▸ Records supplied
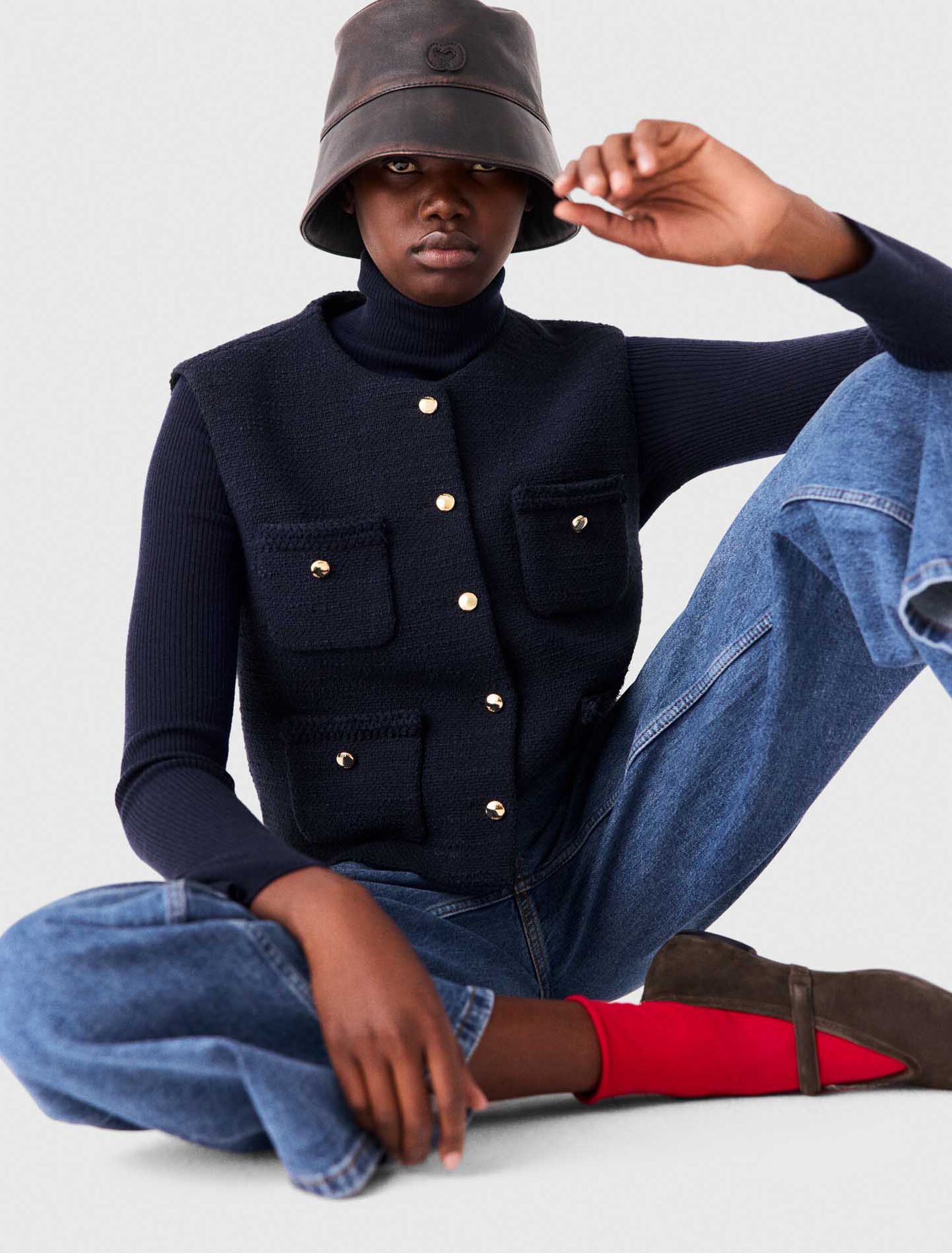 Giacca in tweed senza maniche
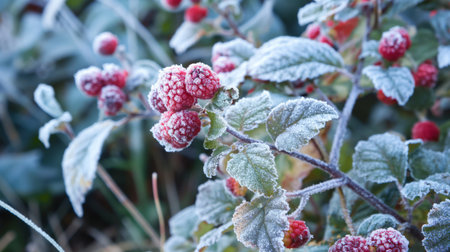 Serene winter garden scene with vibrant red berries covered in delicate frost, showing the beauty of nature in the coldの素材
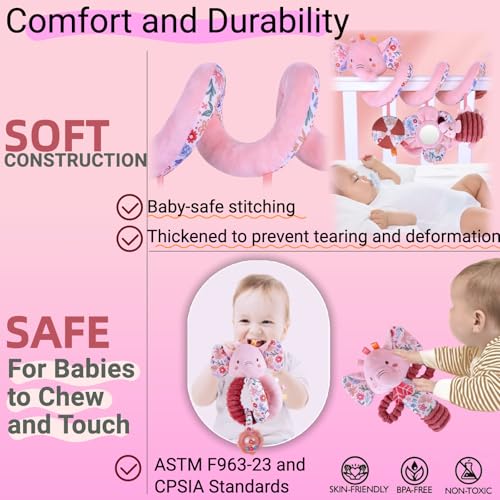Image of Baby Toys 0-6-12 Months Spiral Car Seat Toy, Infant Stroller Hanging Carseat Rattle Stuffed Animal Newborn Girl Boy Accessories Birthday Gift 0-3-4-5-7-8-9 Month Old Mirror Pink Elephant 3PCS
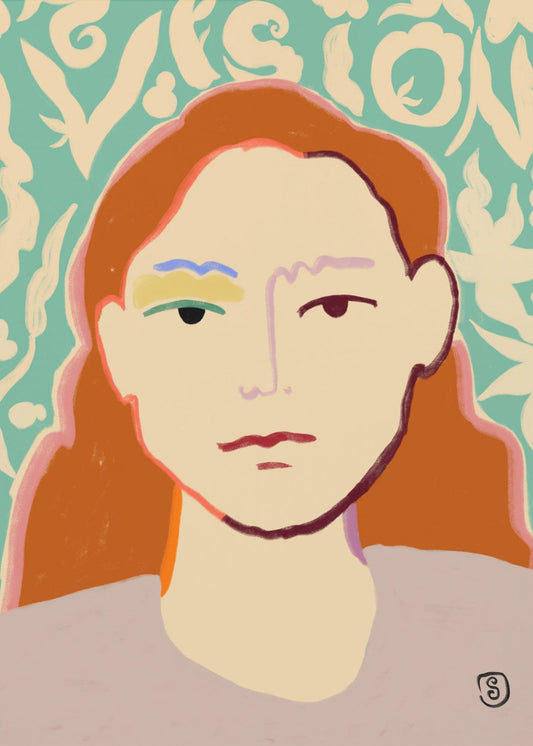 Stylized Face With Earthy Tones | Canvas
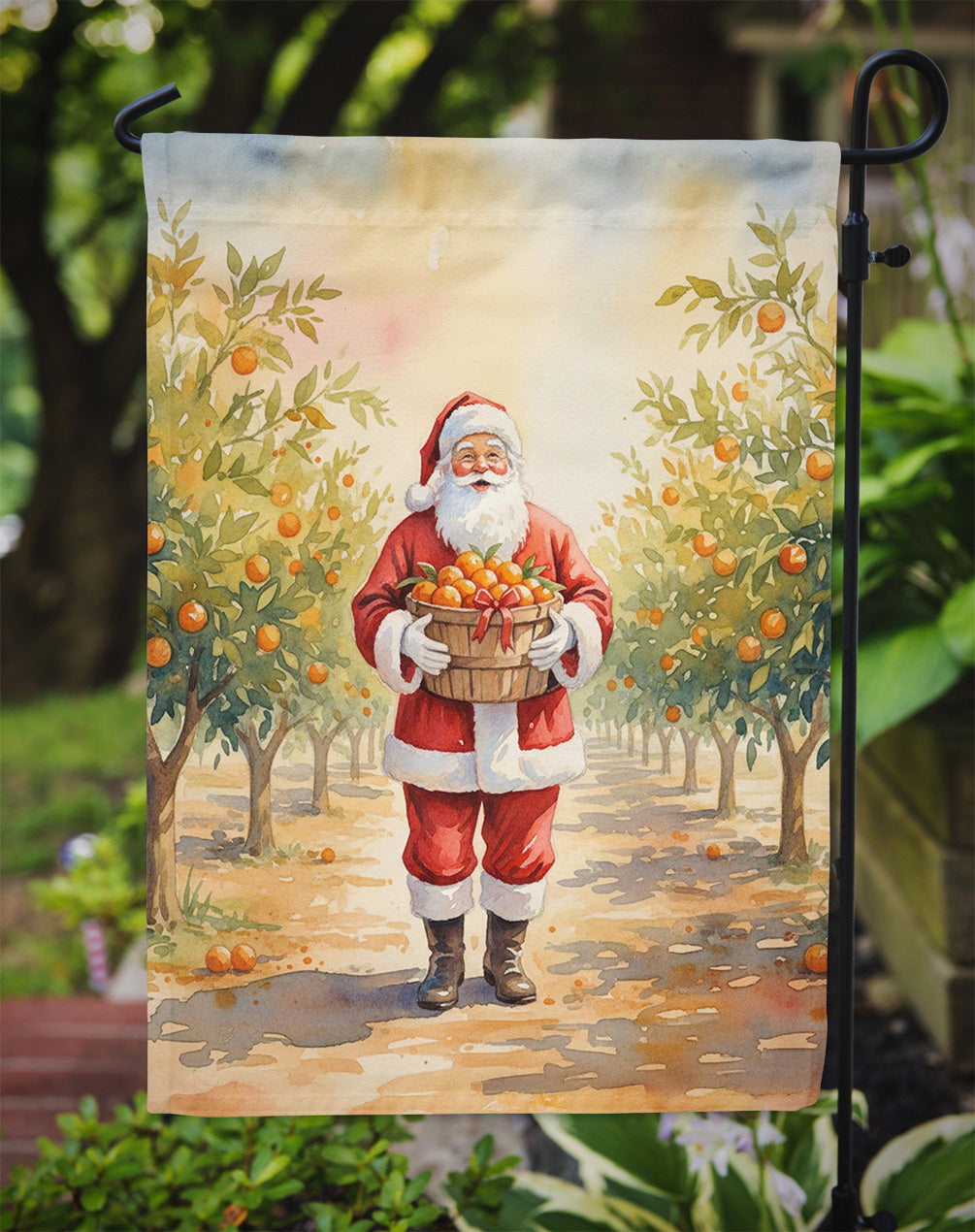 Santa Claus in the Orange Grove Christmas Garden Flag Mailbox Decorative Yard Banner Outside Patio Artwork for Flower Beds, Garden Size, Multicolor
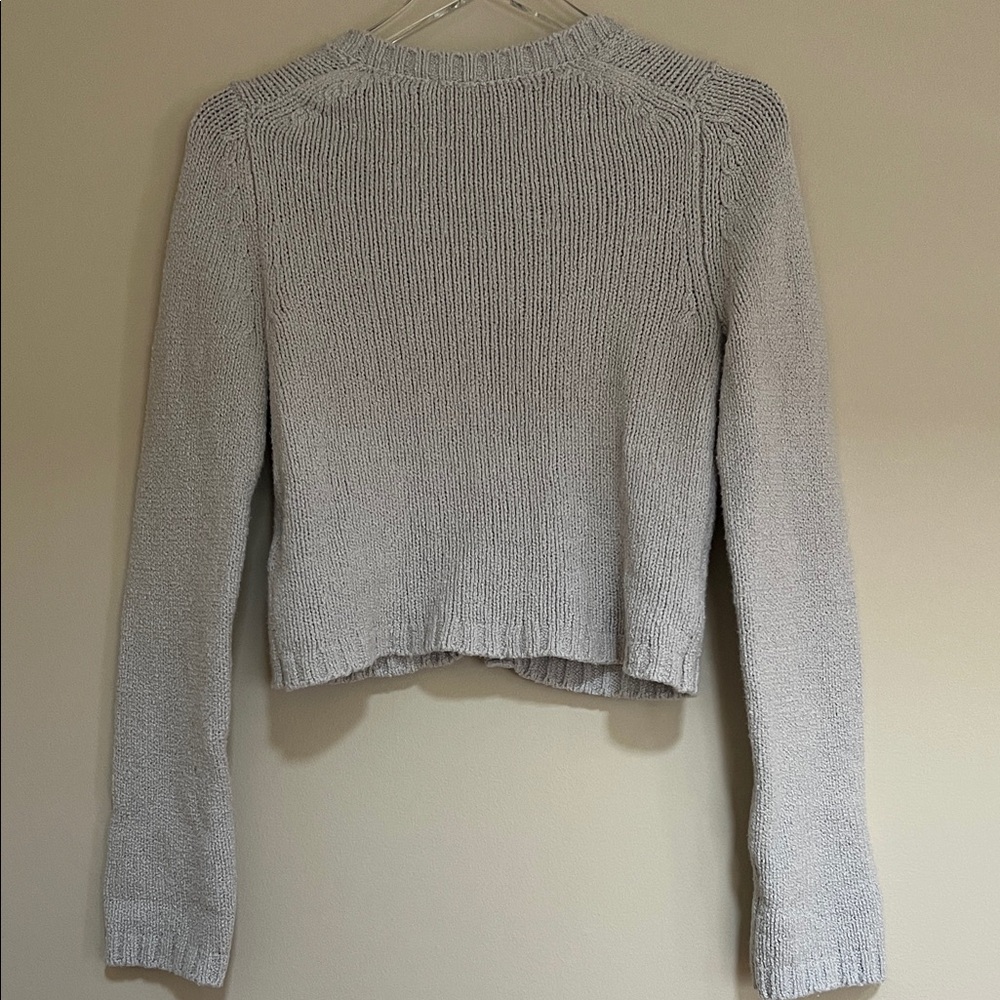 Abercrombie & Fitch Light Gray Cropped Cotton Cardigan Sweater S - Picture 5 of 5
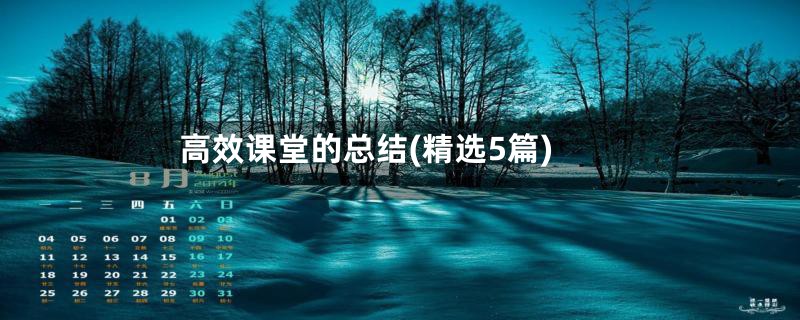 高效课堂的总结(精选5篇)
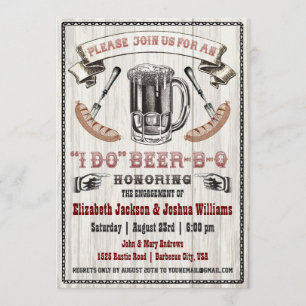 I DO Beer-B-Q Engagement Party Invite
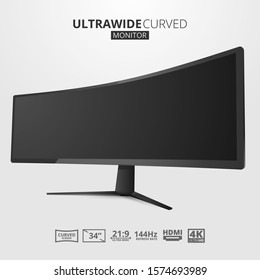 Realistic ultra wide curved modern monitor compter element design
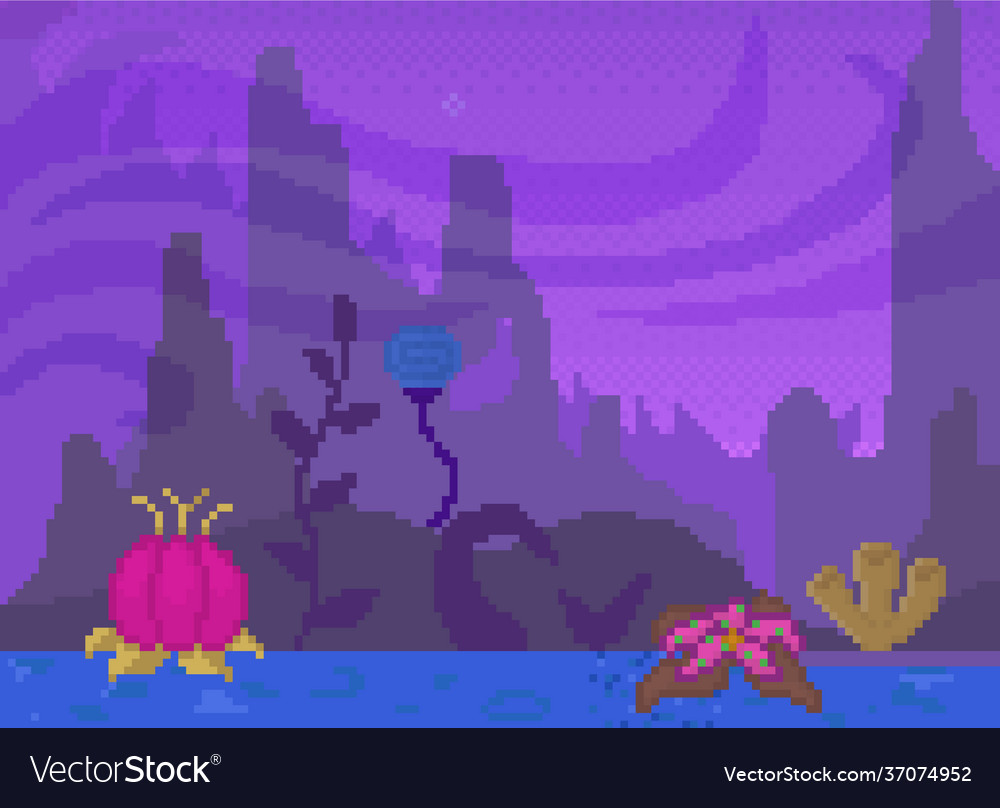 Pixel game interface layout design dark alien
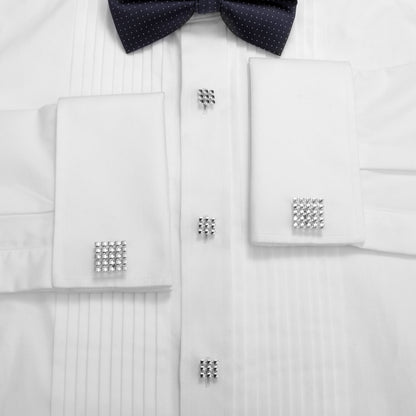 HAWSON Grid Silver Color Cufflinks and Studs Set for Men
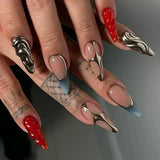 Popxstar 24pcs Silver Almond False Nails Oval Decorated Cloud Milk Wearable Fake Nails Short Press On Nail Coffin Detachable French Tips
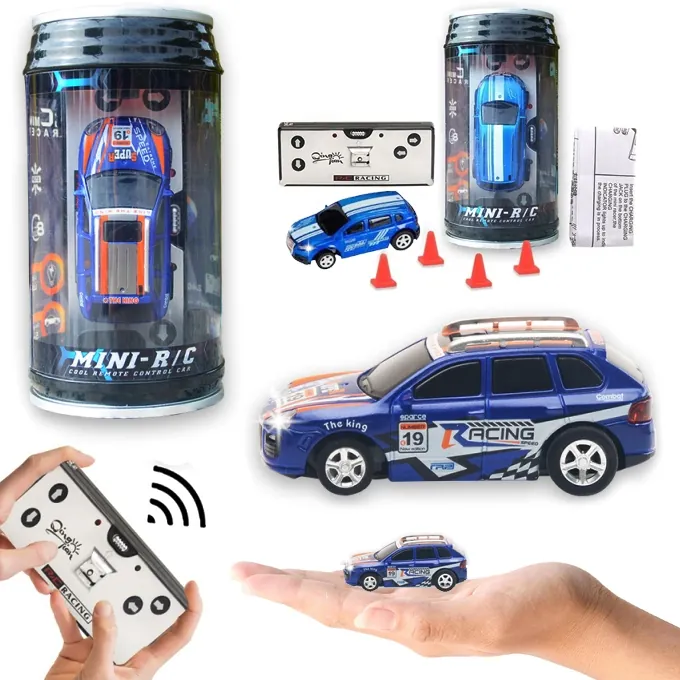 Mini Remote Control Soda Can Car - 4-Channel with Lights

▸ Prompt
Using the entries above, transcribe every line from the line containing "高效课堂的总结(精选5篇)" through the line containing "Popxstar 24pcs Silver". Do not copy pictures.

▸ Response to this task
 高效课堂的总结(精选5篇)
 I DO Beer-B-Q Engagement Party Invite
 Realistic ultra wide curved modern monitor compter element design
 Pixel game interface layout design dark alien
 HAWSON Grid Silver Color Cufflinks and Studs Set for Men
 Popxstar 24pcs Silver Almond False Nails Oval Decorated Cloud Milk Wearable Fake Nails Short Press On Nail Coffin Detachable French Tips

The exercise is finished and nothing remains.